[petsc-users] petsc4py help with parallel execution

Ivan Voznyuk ivan.voznyuk.work at gmail.com
Mon Nov 19 06:24:21 CST 2018


Hi guys,

So, I tried to configure petsc with the advised options, make all and make
tests went well.

However at the phase of python3 ./simple_test.py I obtained error after
error related to the import of MKL libraries.

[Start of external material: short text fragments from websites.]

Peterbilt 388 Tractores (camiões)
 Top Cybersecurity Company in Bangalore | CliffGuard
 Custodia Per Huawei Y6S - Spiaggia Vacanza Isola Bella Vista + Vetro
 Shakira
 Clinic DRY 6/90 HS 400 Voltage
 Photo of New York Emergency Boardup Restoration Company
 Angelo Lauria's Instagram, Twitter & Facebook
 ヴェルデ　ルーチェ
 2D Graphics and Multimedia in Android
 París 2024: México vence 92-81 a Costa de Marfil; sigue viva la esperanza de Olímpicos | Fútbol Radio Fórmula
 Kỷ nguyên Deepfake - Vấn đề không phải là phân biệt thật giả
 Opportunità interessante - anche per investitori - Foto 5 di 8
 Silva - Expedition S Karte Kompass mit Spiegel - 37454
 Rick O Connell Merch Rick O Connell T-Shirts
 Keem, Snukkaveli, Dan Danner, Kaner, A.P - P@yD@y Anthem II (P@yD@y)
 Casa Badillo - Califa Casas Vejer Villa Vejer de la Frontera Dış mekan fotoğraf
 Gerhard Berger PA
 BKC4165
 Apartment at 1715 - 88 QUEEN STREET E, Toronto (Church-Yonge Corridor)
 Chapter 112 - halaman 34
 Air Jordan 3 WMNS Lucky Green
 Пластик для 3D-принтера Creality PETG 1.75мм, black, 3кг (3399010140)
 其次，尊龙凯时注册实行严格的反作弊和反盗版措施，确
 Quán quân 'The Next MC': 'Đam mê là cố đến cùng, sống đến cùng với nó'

Solving them one after
another one, I finished with a critical violation error and abondeneed.

Instead, I reinstalled fully the system and done the following:
1. Install system's openmpi
2. Installed system's OpenBLAS
3. Configured petsc with mpi compilators, download mumps, scalapack, with
complex values
4. Made sure that in parameters there is nothing sequential
And it worked!!

So, thank you colleagues for
1. Helping me with definition of the problem
2. Your advices for solving this problem.

In close future I will try to do the same but with Intel MKL. Cuz
apperently, it may be much faster! And thus it represents a real interest!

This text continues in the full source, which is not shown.